Step 3: Single-GPU SGLang deployment

Pull and run the SGLang container. RadixAttention is on by default; no extra flags needed to enable it.

bash

docker run --gpus all \
  --ipc=host \
  -p 8000:8000 \
  -e HUGGING_FACE_HUB_TOKEN=your_token_here \
  lmsysorg/sglang:v0.5.9-cu130-runtime \
  python -m sglang.launch_server \
    --model-path meta-llama/Llama-3.3-70B-Instruct \
    --quantization fp8 \
    --context-length 8192 \
    --mem-fraction-static 0.92 \
    --max-running-requests 128 \
    --enable-metrics \
    --host 0.0.0.0 \
    --port 8000

Model loading takes 50-70 seconds on an H100. Once it's up:

bash

curl http://localhost:8000/health
curl http://localhost:8000/v1/models

Test with a completion:

bash

curl http://localhost:8000/v1/chat/completions \
  -H "Content-Type: application/json" \
  -d '{
    "model": "meta-llama/Llama-3.3-70B-Instruct",
    "messages": [{"role": "user", "content": "Hello"}],
    "max_tokens": 50
  }'

Step 4: Multi-GPU with tensor parallelism

For 70B at FP16 (requiring 140GB), add --tp 2 to split attention heads and MLP layers across two GPUs:

bash

docker run --gpus all \
  --ipc=host \
  -p 8000:8000 \
  -e HUGGING_FACE_HUB_TOKEN=your_token_here \
  lmsysorg/sglang:v0.5.9-cu130-runtime \
  python -m sglang.launch_server \
    --model-path meta-llama/Llama-3.3-70B-Instruct \
    --tp 2 \
    --context-length 16384 \
    --mem-fraction-static 0.90 \
    --host 0.0.0.0 \
    --port 8000

--ipc=host is not optional. NCCL uses shared memory for inter-GPU communication, and omitting this flag produces silent CUDA errors under load that are difficult to trace back to this cause. Always include it.

For data parallelism (replicate the full model across multiple GPUs to increase request throughput rather than handle larger models), add --dp 2.

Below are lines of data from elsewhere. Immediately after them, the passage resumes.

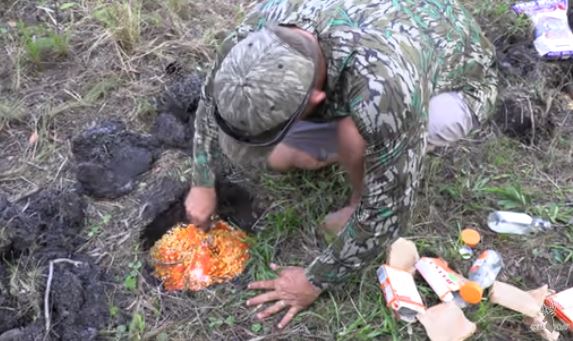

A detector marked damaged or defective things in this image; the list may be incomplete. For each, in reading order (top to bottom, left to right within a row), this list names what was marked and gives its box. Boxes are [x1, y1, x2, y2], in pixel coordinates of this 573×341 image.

torn paper packet [512, 0, 572, 58]
torn paper packet [376, 264, 424, 322]
torn paper packet [416, 258, 470, 306] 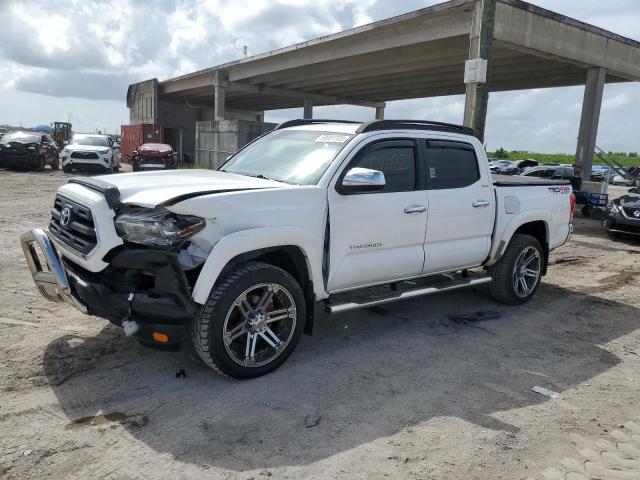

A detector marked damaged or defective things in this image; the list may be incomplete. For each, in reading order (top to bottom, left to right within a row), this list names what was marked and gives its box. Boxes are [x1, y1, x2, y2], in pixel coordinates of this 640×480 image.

damaged hood [83, 169, 288, 206]
damaged headlight [114, 208, 205, 248]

Step 5: Create a systemd service for persistence

Run SGLang as a managed service so it restarts on failures and starts on boot:

ini

[Unit]
Description=SGLang Inference Server
After=docker.service
Requires=docker.service

[Service]
Restart=always
RestartSec=5
ExecStartPre=-/usr/bin/docker rm -f sglang
ExecStart=/usr/bin/docker run --name sglang --gpus all --ipc=host -p 8000:8000 \
  -e HUGGING_FACE_HUB_TOKEN=your_token_here \
  lmsysorg/sglang:v0.5.9-cu130-runtime \
  python -m sglang.launch_server \
    --model-path meta-llama/Llama-3.3-70B-Instruct \
    --quantization fp8 \
    --context-length 8192 \
    --mem-fraction-static 0.92 \
    --enable-metrics \
    --host 0.0.0.0 \
    --port 8000
ExecStop=/usr/bin/docker stop sglang

[Install]
WantedBy=multi-user.target

Save to /etc/systemd/system/sglang.service, then:

bash

sudo systemctl daemon-reload
sudo systemctl enable sglang
sudo systemctl start sglang

Step 6: Verify RadixAttention is working

Send 20 requests that share a long system prompt and measure TTFT on the first versus subsequent requests:

python

import asyncio
import time
import aiohttp

SYSTEM_PROMPT = "You are a helpful assistant. " * 100  # ~512 tokens

async def send_request(session, user_message):
    start = time.monotonic()
    first_token_time = None
    async with session.post(
        "http://localhost:8000/v1/chat/completions",
        json={
            "model": "meta-llama/Llama-3.3-70B-Instruct",
            "messages": [
                {"role": "system", "content": SYSTEM_PROMPT},
                {"role": "user", "content": user_message}
            ],
            "max_tokens": 20,
            "stream": True
        }
    ) as resp:
        async for chunk in resp.content:
            if first_token_time is None and chunk.strip():
                first_token_time = time.monotonic()
                break
    if first_token_time is None:
        raise RuntimeError(f'No token received for: {user_message}')
    return first_token_time - start

async def benchmark():
    async with aiohttp.ClientSession() as session:
        # First request: cold cache, computes the system prompt prefix
        first = await send_request(session, "What is 2+2?")
        print(f"First request TTFT: {first*1000:.0f} ms")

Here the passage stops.